The fundamental challenge for these dietary alternatives is not only simulating the look and taste of real meat, but also ensuring that they offer a viable nutritional substitute: meat is a source of fundamental nutrients such as iron, zinc, calcium, iodine, and B12, in addition to being rich in protein. Where “vegetable meats” do surpass animal meat is in their contribution to sustainability: according to a Beyond Meat-sponsored study, the production of one of their hamburgers uses “99 percent less water, 90 percent fewer contaminating emissions, 45 percent less electricity, and 93 percent less land.”
In vitro meat
One product that just might match the nutritional properties of conventional meat while also avoiding the vast majority of its associated emissions is “artificial meat” by which we do not mean vegetarian-based products. In this case, the ingredients are actually of animal origin. “Cultured meat” is created in laboratories using an animal’s stem cells and stimulated in a bioreactor. They expand massively and create muscle tissue that closely resembles conventional meat.
The problem associated with this kind of product is the cost. Currently, it has not yet had large-scale production nor has it been offered to the market at an affordable price.

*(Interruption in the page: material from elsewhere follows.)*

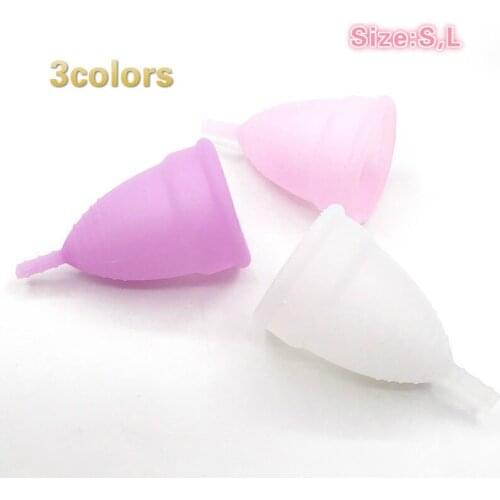 Менструальные чаши HEONYIRRY China At AliExpress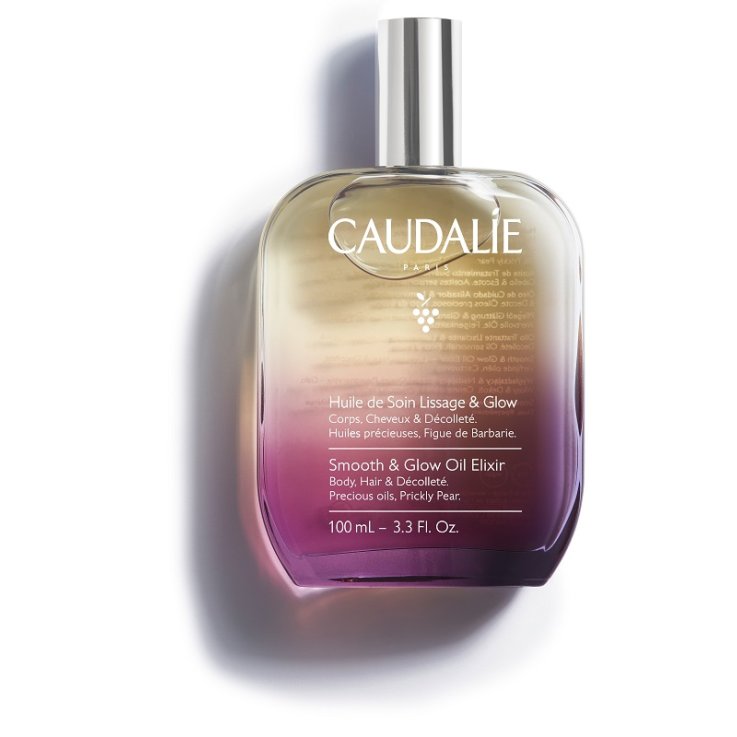 CAUDALIE OLIO TRATTANTE LISCIANT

The first hamburger to be produced via this technology debuted in 2013 thanks to a five-year-long project during which €250,000 was invested representing a market price that would be equivalent to more than one million euros per half kilo of this cultured meat.
Although it is not yet possible to verify the viability of the large-scale production of cultured meat, there has been a reduction in its production costs. The general public’s reception of “molecular hamburger” is still yet to be seen.

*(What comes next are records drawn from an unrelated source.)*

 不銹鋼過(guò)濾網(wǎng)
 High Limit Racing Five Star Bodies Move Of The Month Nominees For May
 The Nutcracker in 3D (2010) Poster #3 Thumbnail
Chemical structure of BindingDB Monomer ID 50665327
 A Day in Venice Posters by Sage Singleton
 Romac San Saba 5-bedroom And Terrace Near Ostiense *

The dangers of a meat-free diet
Animal meat contains necessary nutrients for early-age human development, and it is believed that its consumption was fundamental to the evolution of the species, resulting in today’s homo sapiens. Suddenly swearing off meat consumption raises questions about the nutritional viability of a meat-free diet, in addition to the potential socio-economic ramifications that could arise if all economic activity associated with meat consumption ceased.

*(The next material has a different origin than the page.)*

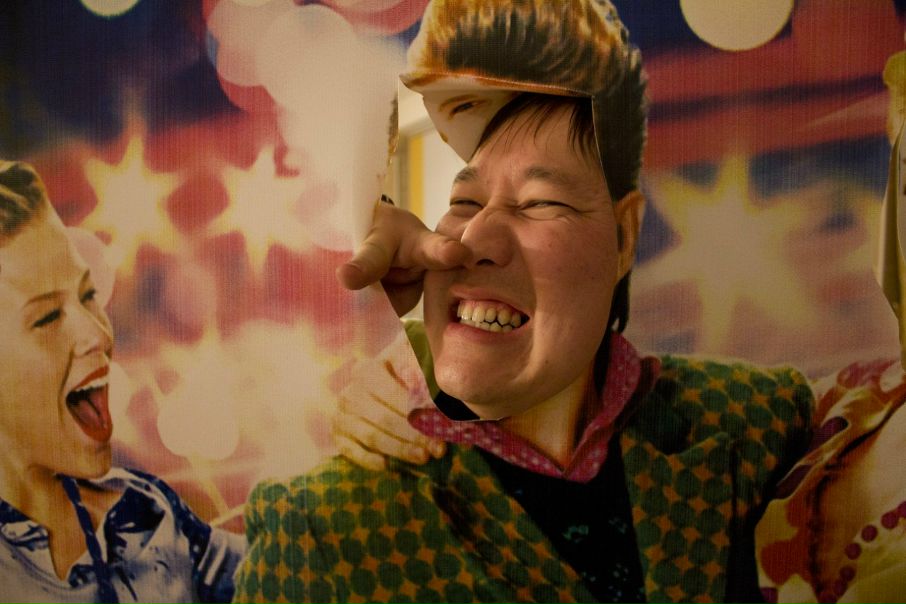 №13, Геннадий Ринчинов, Санкт-Петербург №13, Геннадий Ринчинов, Санкт-Петербург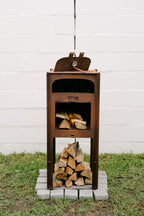 STüK Outdoor Oven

The experts agree that what is important is to have a varied and balanced diet that provides all the required nutrients. So, it is possible for a vegetarian to have a perfectly healthy diet and an omnivore to have a completely imbalanced diet, or vice versa. It is also worth noting that vegetarian alternatives to meat are not necessarily more healthy or less processed. In fact, the Beyond Meat and Impossible Foods products have the same caloric content as their meat equivalents.
Furthermore, drastically eliminating the consumption of animal products would represent a risk to the economic sustainability of the animal farming sectors and to many areas of the world that depend on livestock and agriculture for their livelihoods. In addition, it could threaten some of the benefits delivered by the sector, pastoralism for example, which are vital to the balance of certain ecosystems.
The UN’s Food and Agricultural Organization (FAO) points out that the solution involves reducing the amount of meat in our diet — given that developed nations eat much more meat than is necessary — and substituting it for non-animal products: greens, legumes, and cereals. Alternative products that are meant to simulate and substitute meat could be a good start at modifying our diet, making it healthier and with less impact on the environment.
Still, substituting meat products with alternatives could have a mere minimal impact if the trend is not supplemented by the implementation of measures to make the agro-food industry more efficient by introducing state of the art technology and new processes aimed at reducing its environmental impact, as international agencies have warned. Thus, a food production model that is more sustainable for everyone and environmentally-friendly could be achieved.